ARTIST: Wu-Tang Clan
TITLE: Enter the Wu-Tang (36 Chambers)
YEAR RELEASED: 1993
CHART ACTION: #41 US, #8 US R&B, #77 UK
SINGLES: Protect Ya Neck, Method Man (#69, #40 US R&B, #17 Rap), C.R.E.A.M. (#60, #32 R&B, #8 Rap), Can It Be All So Simple (#116, #82 E&B, #24 Rap)
OTHER SONGS YOU MAY KNOW: I’m sure most Wu-Tang fans know every word.
LINEUP: Inspectah Deck, Ghostface Killah, GZA, Masta Killa, Method Man, Ol’ Dirty Bastard, RZA, Raekwon, U-God. 4th Disciple was on turntables.
WHAT’S IT ALL ABOUT: A record that changed hip-hop, especially on the East Coast.

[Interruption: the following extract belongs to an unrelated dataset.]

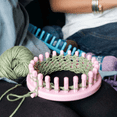 thumbnail image 6 of Hello Hobby Assorted Plastic Knitting Loom Kit, 6-Piece Set, 6 of 11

SOME WORDS, PHRASES AND CLAUSES ABOUT THIS RECORD: It sounds a bit messy, and I’m not a fan of skits, as you know, but the beats, rhymes and feeling of this record almost overcomes the skits. All-in-all, it’s a landmark record in hip-hop history.
The sheer size of the group means that there are different voices and some different feeling to the songs. RZA does tailor the beats and samples to the songs well, but there’s no mistaking an Ol’ Dirty Bastard rhyme from Method Man to Raekwon. Still, this stew works together, almost seamlessly.
This album changed the course of the popular hip-hop world from looking to the West Coast to now eyeing both West Coast and NYC for innovations. It’s a pretty remarkable record, and sounds fresh after all of these years.
NOTES & MINUTIAE: Masta Killa only has one solo rhyme on the record, on “Da Mystery of Chessboxin”.
IS THERE A DELUXE VERSION: Yes, some alternate mixes, etc.
GRADE: A: The skits take away a little of the flow, but this is powerful and compelling.